If you are successful in obtaining a job in Saudi Arabia, you are likely to benefit from a relatively high tax-free salary and a wide range of benefits and perks such as subsidized housing, healthcare and educational costs, and free trips home. However, salaries have fallen in relative terms in recent years. Most postings are fixed-term, usually for two or three years. All foreign nationals are required to have a Saudi sponsor and must obtain a work permit before entering the Kingdom. Employment permits are issued for a maximum of two years, but can often be extended. They are exchanged for a residence permit (Igama) once the employee arrives in the country.
The working week in Saudi Arabia is from Saturday to Wednesday, with some businesses also operating on Thursday mornings. Working hours in private business are usually 8 a.m. to 12 noon and 3 p.m. to 6 p.m., and Government offices are open from 7.30 a.m. to 2.30 p.m. When scheduling business appointments, it is important to take into account the five daily prayer times, as well as the religious holidays of Hajj and Ramadan.

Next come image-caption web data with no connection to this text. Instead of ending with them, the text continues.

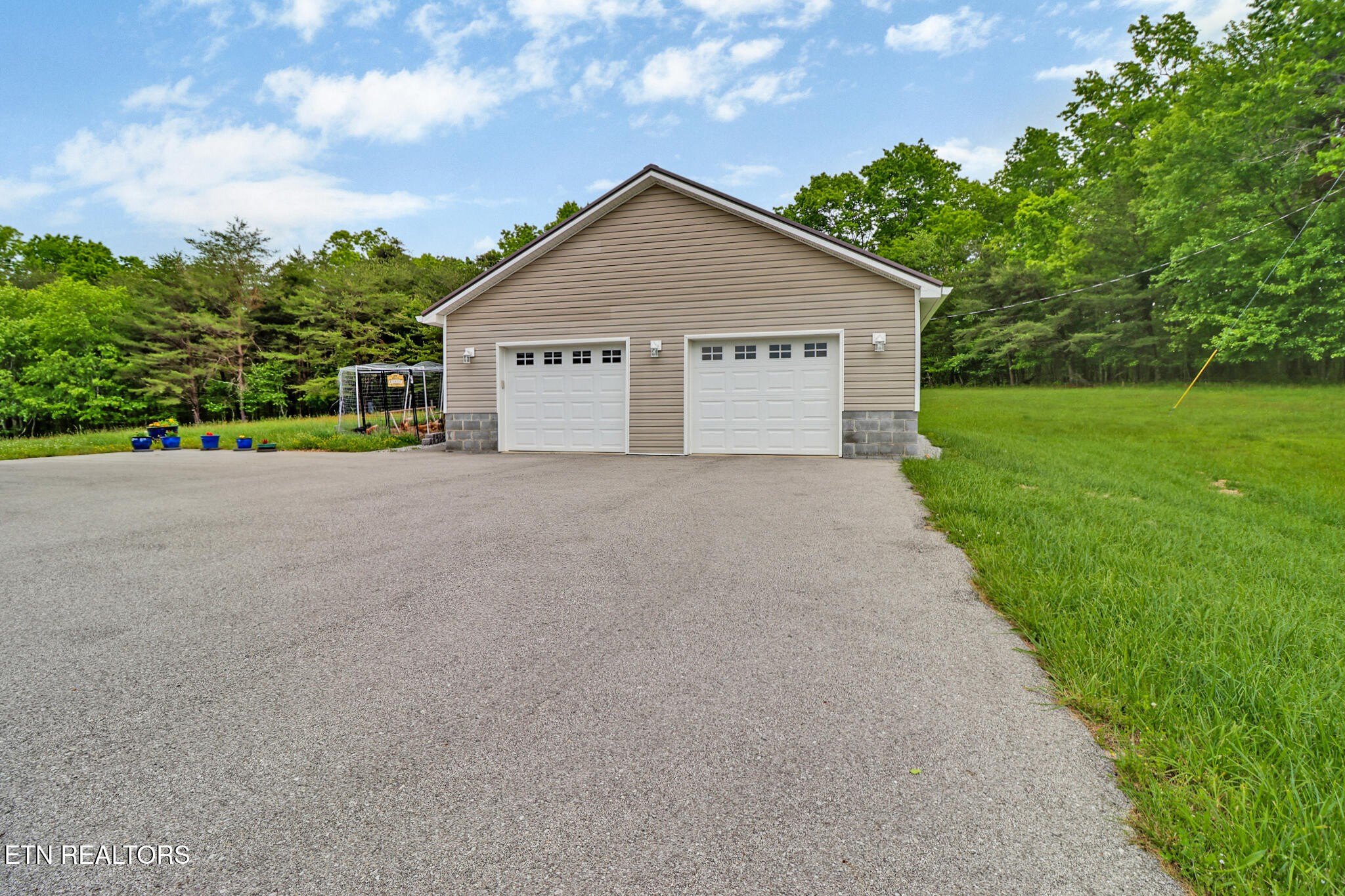 Crossville, Tennessee, 38555, United States, 3 Bedrooms Bedrooms, ,4 BathroomsBathrooms,Residential,For Sale,1977944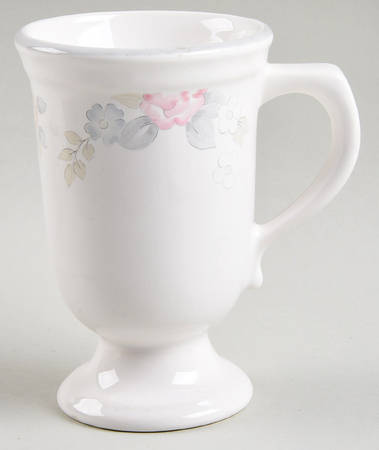 Wyndham Pedestal Mug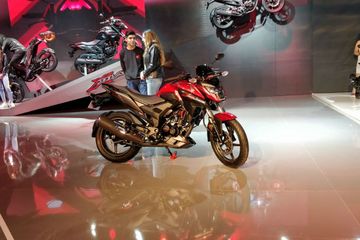 Harga Honda X Blade 160. Ternyata Segini Lo Harga Honda X-Blade di India, Lebih Murah dari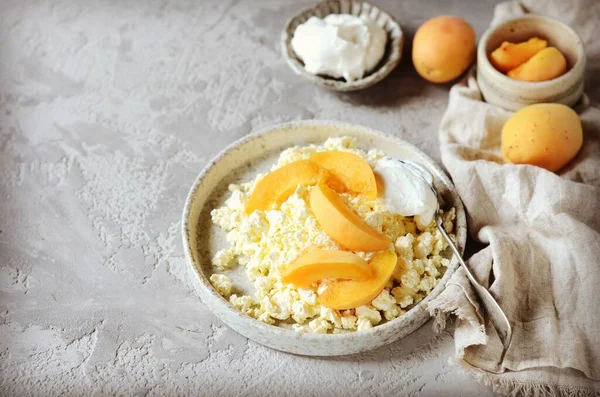 Queijo Caseiro Fresco Com Creme Leite Damascos Café Manhã Ainda — Fotografia de Stock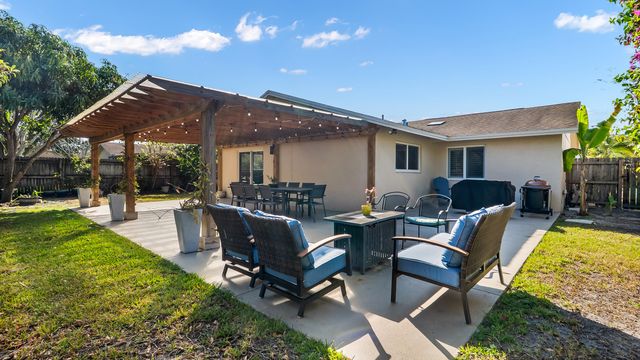 9249 Affirmed Lane, Boca Raton, FL 33496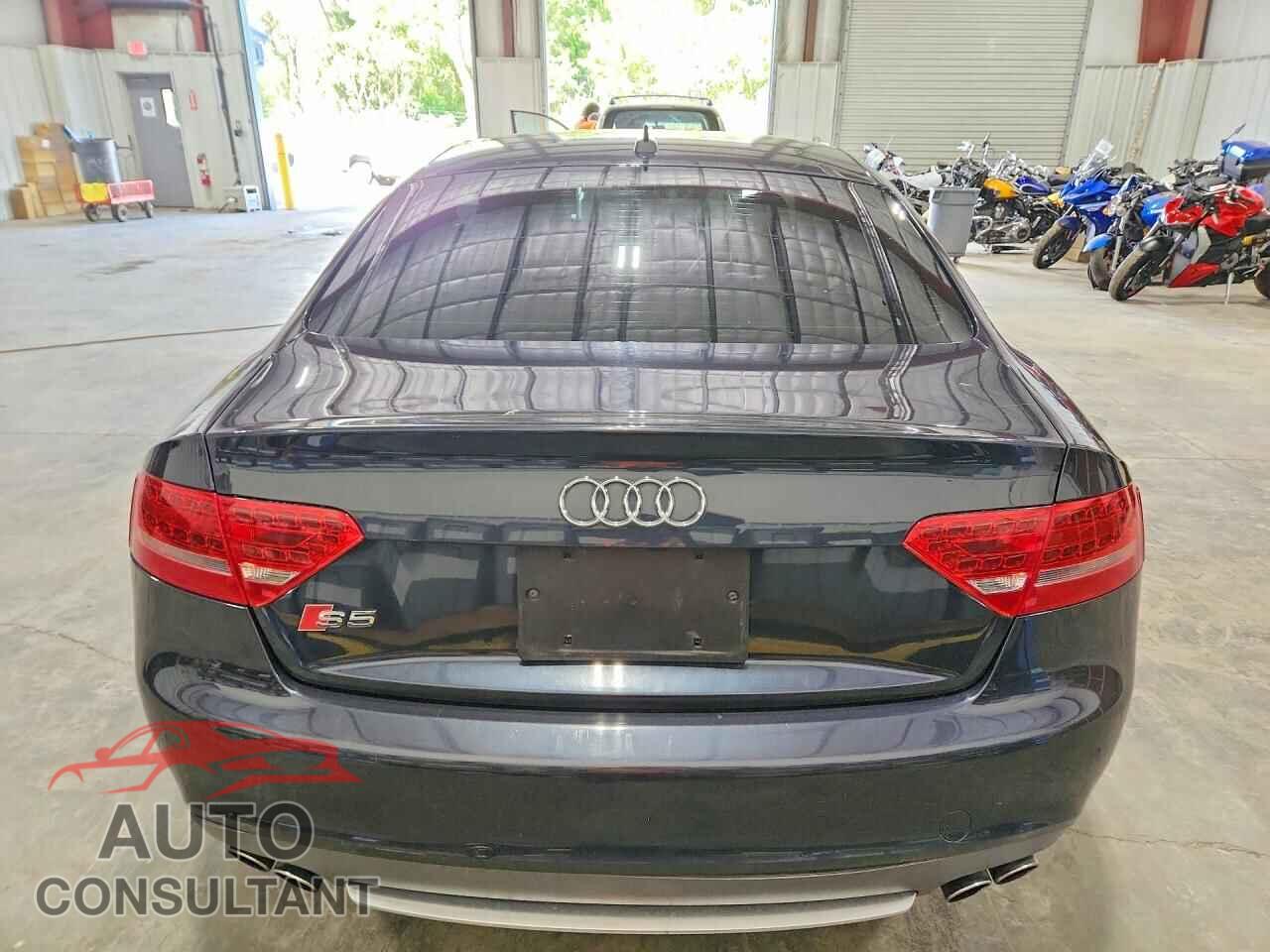 AUDI S5/RS5 2012 - WAUVVAFR7CA002892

Appointment times should be regarded as approximate rather than fixed, as there is a relaxed approach to business which often results in delays. A very personal approach to business is taken, and face-to-face meetings are generally preferred to telephone conversations or written communications when negotiating deals. All deals are regulated by Sharia or Islamic law, which has many similarities with western law. A big difference between the two is that Sharia law does not make reference to precedents, and rulings made on one case are therefore not applicable to others.